The budget deal just concluded was no such compromise. The headlines are all about how the Democrats refused to cave to Republican demands to defund Planned Parenthood and saved the day for women’s reproductive health—at least until September, when the GOP and its media spokespeople will crank up their misogynistic fog machine all over again. It’s hard to see how they’d go further: Arizona’s Jon Kyl claimed on the floor of the House that “90 percent of what Planned Parenthood does is abortions” (it’s actually around 3 percent); his office later said his statement was “not intended to be factual.” Rush Limbaugh claimed, “Planned Parenthood is a money-laundering operation for the Democrat Party.” Glenn Beck said that only “hookers” use Planned Parenthood (in fact, one out of every five women has visited a PP clinic, including this writer). Widespread mockery of these weird remarks might lead you to think they backfired. Not necessarily. Look at the fine print: to keep Planned Parenthood’s federal funding, Democrats agreed to bar Washington, DC, from using its own revenues to pay for abortion care for women on Medicaid. And in a tiny footnote, the final budget cuts Title X, the federal family-planning program, by $17 million. What women “got” was only that one of three bad possibilities didn’t happen. You have to hand it to the Republicans: even when they lose, they win.

The Washington ban is more important than has been portrayed. First of all, it involves a lot more money than reported. “The sound and fury of last week’s budget debate came down to a dollar figure that some members of Congress could have covered by writing a personal check,” wrote Sabrina Tavernise in the New York Times, citing a figure of $62,300 since August. Actually, Laura Meyers, CEO and president of Planned Parenthood of Metropolitan Washington, told me by phone that PPMW, the region’s largest abortion provider, just began accepting Medicaid for abortions in February.

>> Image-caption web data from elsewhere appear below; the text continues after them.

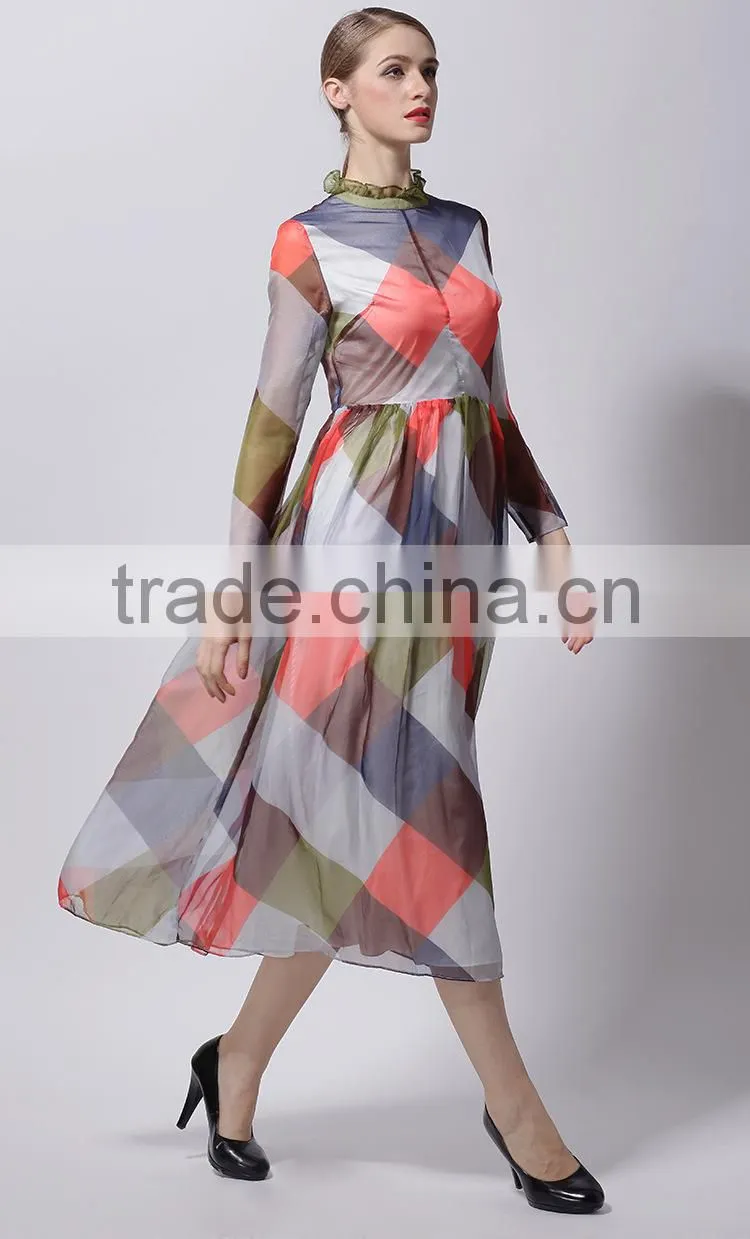 2015 Fashion import clothes girls' dress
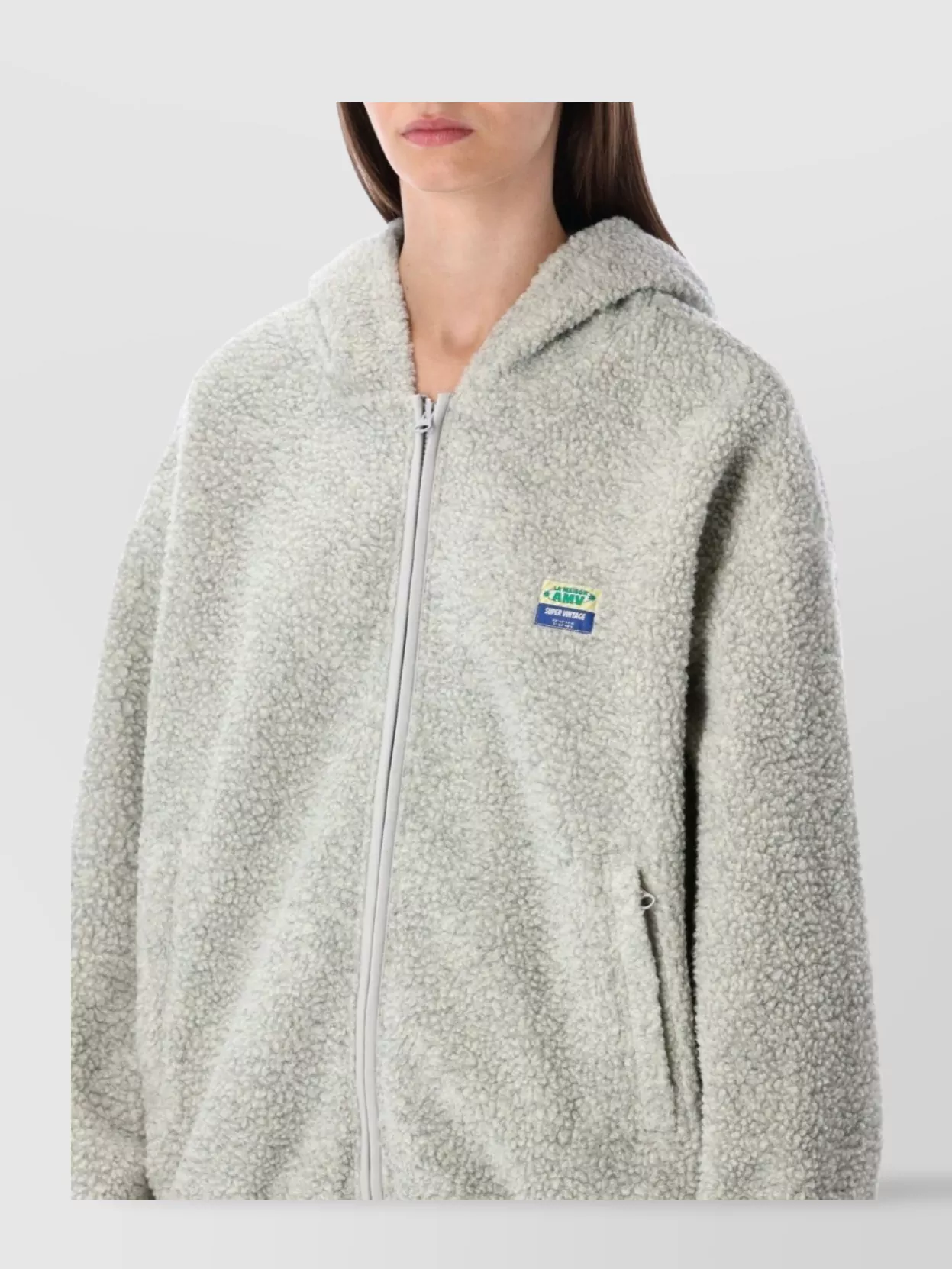 American Vintage Cozy Hooded Teddy Jacket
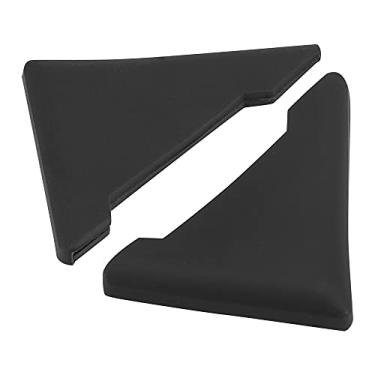 Imagem de X AUTOHAUX 2 peças de protetores de borda de canto de porta de carro universais de PVC preto
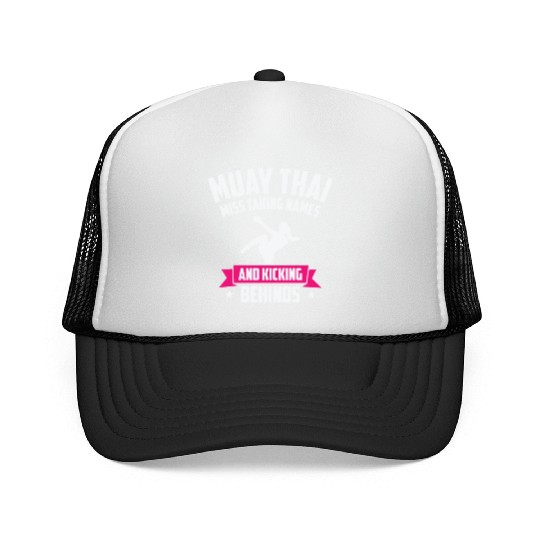 International Women's Day Muay Thai Girl Power Trucker Caps
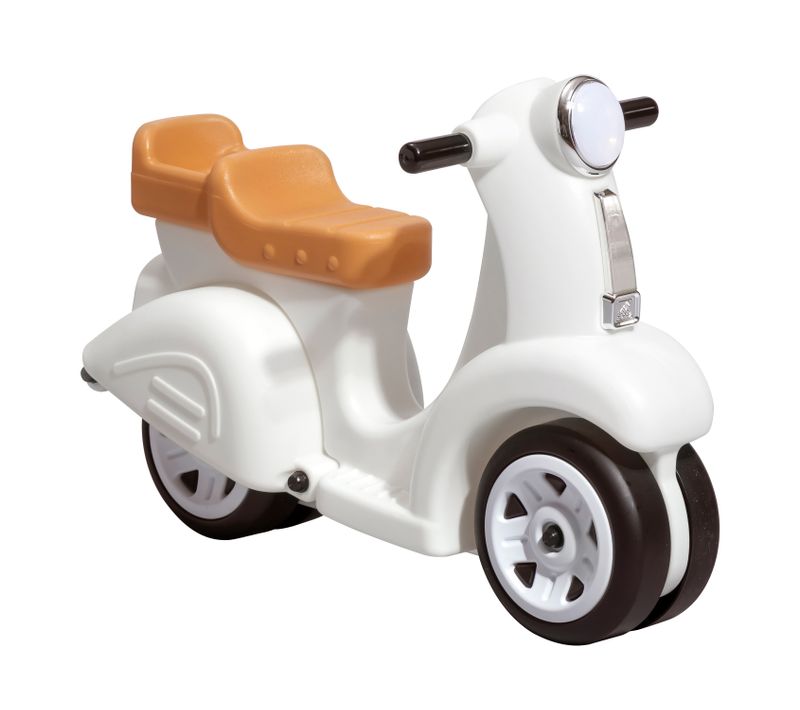 Step2 Ride Along Scooter Jouet En Plastique Blanc - Porteur D'extérieur Pour Enfants - Véhicule /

Thus, the annual sum paid out by the District would have been much higher than Tavernise implied. I mention this not to suggest that abortion is an expensive budget item—it isn’t, especially compared with, say, tax breaks for millionaires or our many ongoing wars—but to point out that this ban is not a trivial issue. There are 105,874 poor women receiving medical assistance, including Medicaid, in Washington; many are in their childbearing years. For them, the cost of a first-trimester abortion is a big deal. “When someone is struggling to feed and clothe their kids,” said Meyers, “$400 is huge. Just huge. Women will be scrambling now.” She noted that abortion funding bans do not prevent abortion; they merely push them later in pregnancy, when they are more expensive and more stressful.